For the overtime restart, Cindric elected to take the high line with Blaney lining up on the inside so he could let his rookie teammate in-line on the bottom.
“To be honest, I never even considered asking for that (Blaney allowing Cindric in on the bottom line) when we were the leader,” Bullins said. "I thought green-white-checkered, we’re just going to race for it and see what happens here. It was Ryan’s idea. Like I said, hell of a teammate. I mean, the guy is awesome.
“Then to know you’ve got somebody back there that you can trust pushing you, he kept us out front, no doubt.”
Bringing the Harley J. Earl Trophy back to the Team Penske shop sure was a fantastic way for Penske to celebrate his 85th birthday.
“I think for Ford, for us and the whole Ford group, worked really well together," Penske said. "We’ve worked hard as teams to try to develop a plan, and I think it paid off.

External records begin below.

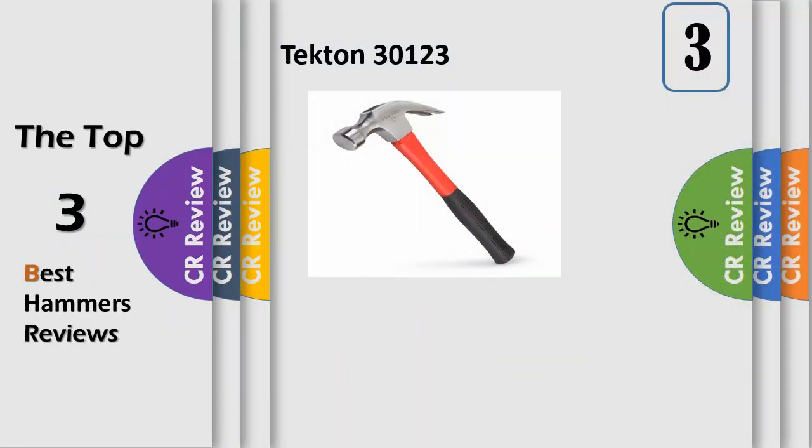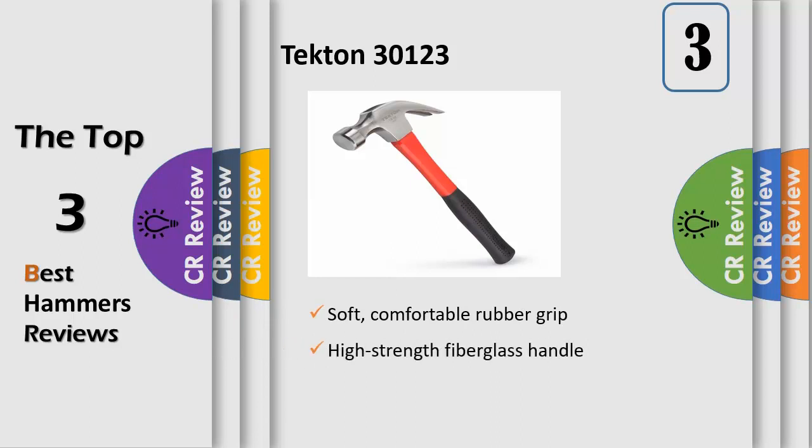Simple and dependable, the Tecton 16-ounce jacketed fiberglass claw hammer is a re-engineered and refined classic. Its advanced one-piece handle is constructed of three materials molded together. Virtually unbreakable, the core is made from high-strength fiberglass. It's lightweight and helps keep vibrations away from your hand. To protect the core from miss strikes, it is wrapped with a tough, impact-absorbing polyjacket.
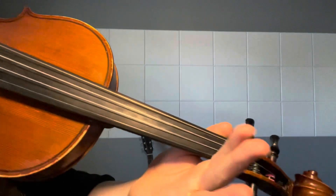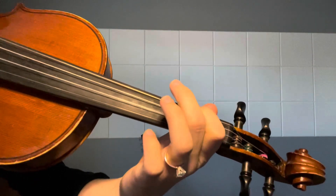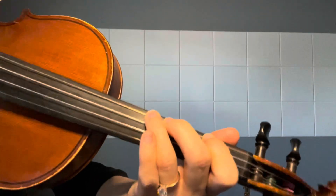We will also be using our G string notes. So we have D; A is first finger; B is second; and C is third.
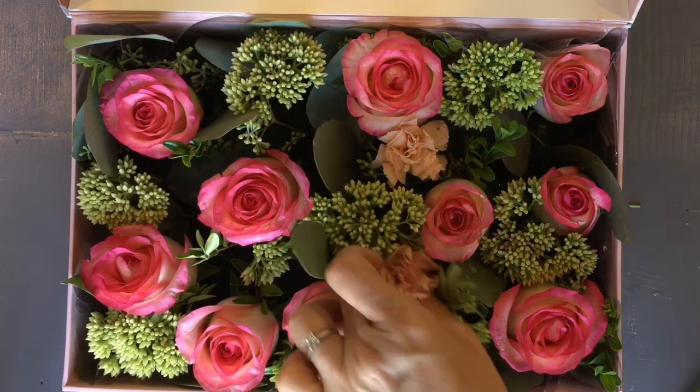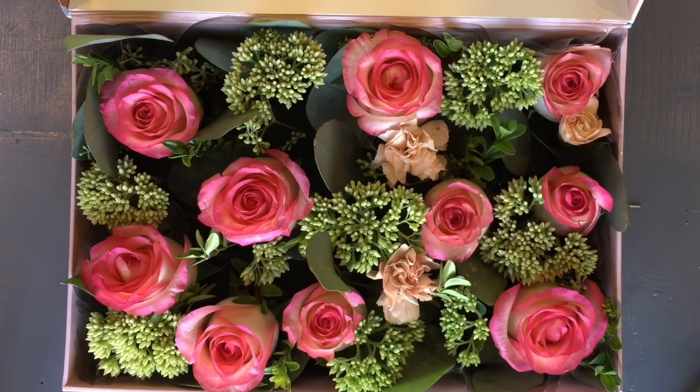Now the mini carnations are going in. Again, cut them short and spread them evenly throughout.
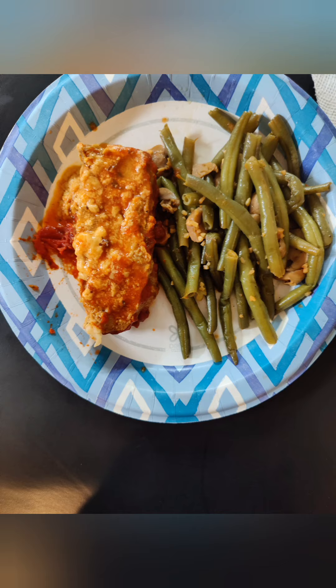I just took the meatloaf out the oven. Voila! Triple cheese, mild Italian turkey ground meatloaf. It's making my mouth water, people, I'm telling you. This is Sandra from the A. Peace.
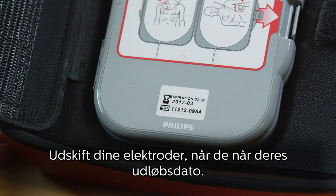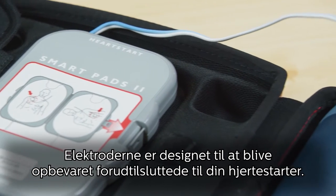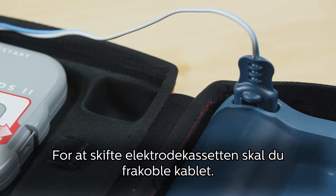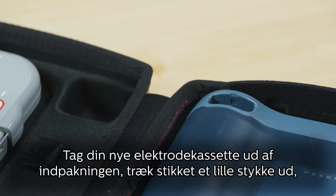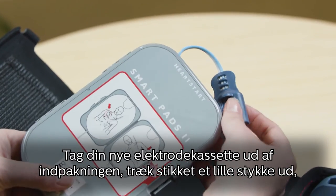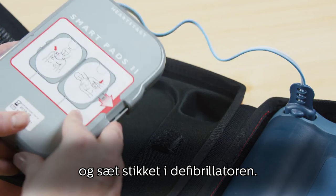Replace your pads when they reach their expiration date. The pads are designed to be stored pre-connected to your AED. To change the pads case, disconnect the cable. Take your new pads case out of its package, pull out the connector a short length, and insert the connector plug into the defibrillator.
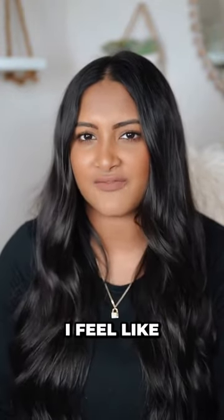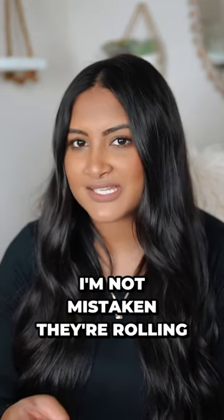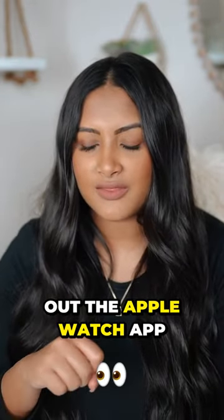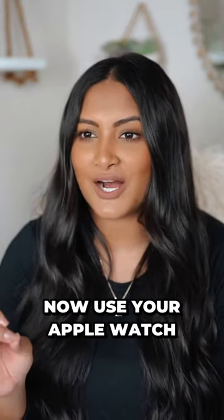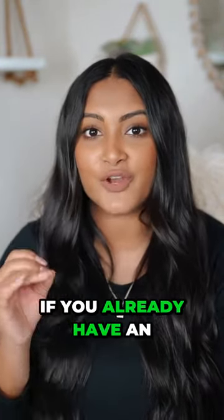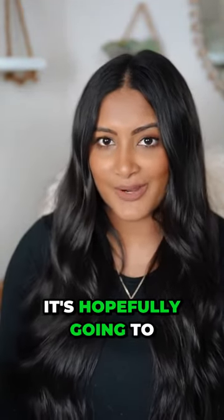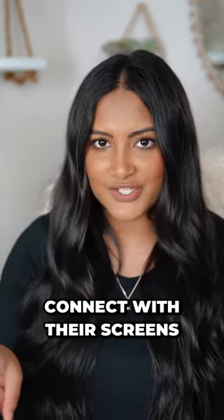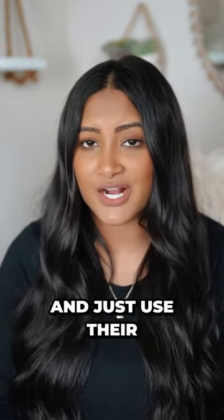So I went ahead and invested in the armband because I feel like it's more comfortable. Now, I think in February they're rolling out the Apple Watch app for Orangetheory, so you can use your Apple Watch as a heart rate monitor. If you already have an Apple Watch, you probably don't need to buy a separate heart rate monitor — it should connect with their screens. Honestly, a good amount of people don't buy the heart rate monitor and just use their Apple Watch.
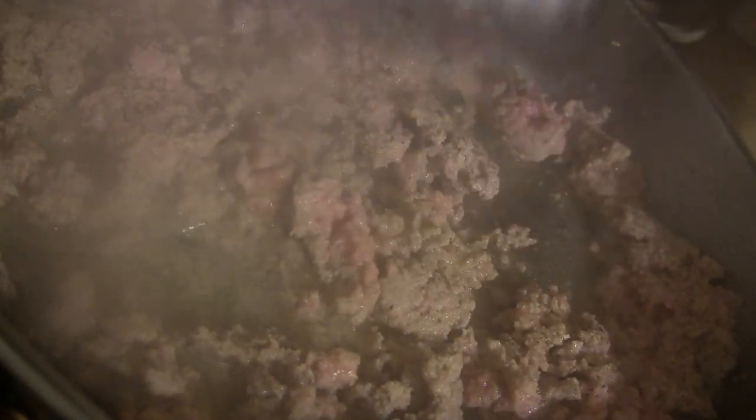I forgot a very crucial ingredient — I've got to get some black pepper in there. Yeah. We'll stir this up. I'm going to stir it up. I'll cover this back up and let it finish cooking.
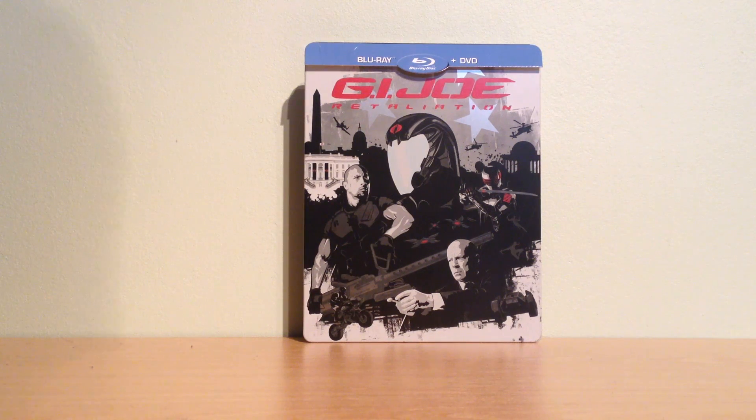What's up guys, welcome to a new unboxing video. Today I have the Blu-ray including DVD combo pack from G.I. Joe Retaliation.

“I think it was not just us, it was the entire Ford camp. If you looked at it all day long, people stayed in line. I think they did the job. And then at the end, I felt that with two cars upfront and the speed we’d had all during the race, and obviously interesting we had six Fords up there and one Toyota, and Bubba (Wallace) certainly was hungry to win, too.
“So we had to execute, and that’s what we did.”
That execution was a prime example of the family atmosphere within Ford Performance and the epitome of the Ford Plus mindset, which resulted in the manufacturer leading 128 of the 201 laps on Sunday.
“We’re a family company," Rushbrook said. "We have Edsel Ford sitting right here, and that’s how we operate as a company inside our walls at Dearborn, and that’s how we go racing.
“We don’t just pick one strong team and focus on them and only them. We approach it with, we call it Ford Plus now. We have them work together sharing, and to have Roush Fenway or RFK now strong was an important part of contributing to what we have with Wood Brothers, Penske, Stewart-Haas, and even leveraging our other teams with alliances with Front Row and Rick Ware Racing and Live Fast.
"It’s a family effort. Everybody knows their role and how they fit into it and what they’re able to share and how it betters everybody.”